Hamburg’s office-letting market started 2018 with appreciably less activity than a year before. Grossmann & Berger, a member of German Property Partners
(GPP), has calculated that some 105,000 m² of office space was let or owner-occupied in the 1st quarter, whereby owner-occupiers comprise a mere 1 % of the total. “The record set in the previous year proved unattainable and the result dropped by 34 per cent. The main reason for the decline is the diminishing stock of available space, which now considerably limits the choice that can be offered to potential clients,” says Andreas Rehberg
, managing director of Grossmann & Berger, commenting the latest quarterly figures.
Number of big office lets halved
Year on year the market share of clients taking more than 5,000 m² of office space fell from 30 % to 15 %. Only two big lets, with a total volume of some 16,000 m², were agreed in the first three months, which translates into 67 % less space than in the 1st quarter of 2017. The biggest agreement signed in the 1st quarter related to 10,000 m² that the insurance group Signal Iduna rented in the “Vattenfall Building” (Überseering 12, City North) as a temporary measure. When Hansainvest Real Assets has completed the new build “Kap 5” office block (Kapstadtring 5, City North), Iduna will be leaving the Überseering to move into these new premises.
The second-biggest let of the year to date was for space in the “Tower am Michel” which already stands at Ludwig-Erhard-Strasse 22 (City). Zeaborn, founded in 2013 by a group including the Bremen construction magnate Kurt Zech, will soon be moving into 5,300 m² of space, occupying four floors of this building. At the beginning of the year the shipping company took over all the shares in the E.R. Schiffahrt line, simultaneously buying the ships’ broker Harper Peterson & Co. In 2017 Zeaborn took over the ship management business of the insolvent Bertram Rickmers shipping line.

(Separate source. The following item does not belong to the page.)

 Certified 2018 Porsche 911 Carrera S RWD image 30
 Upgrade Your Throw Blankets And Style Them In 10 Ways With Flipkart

The mid-sized segments between 1,001 and 2,000 m² and between 2,001 and 5,000 m² saw most new business in the 1st quarter, posting 26 % (27,000 m²) and 24 % (25,000 m²) respectively, followed by the smaller segments - under 500 m² accounted for 18 % (19,000 m²) and 501 to 1,000 m² for 17 % (18,000 m²).
City reports the biggest volume of turnover
The trio of central sub-markets, City, City South and HafenCity, took 62 % of the market for office space in the 1st quarter. The largest of the three was City
with a share of 29 % (30,000 m²). The good result in this sub-market was partially due to three fairly large lets in the “Tower am Michel” (Ludwig-Erhard-Strasse 22). Apart from Zeaborn (some 5,300 m²), the Fairplay shipping company (about 1,300 m²) and the freight forwarding service Damco Germany (some 1,300 m²) have decided to move into this striking building opposite the iconic “Michel” church.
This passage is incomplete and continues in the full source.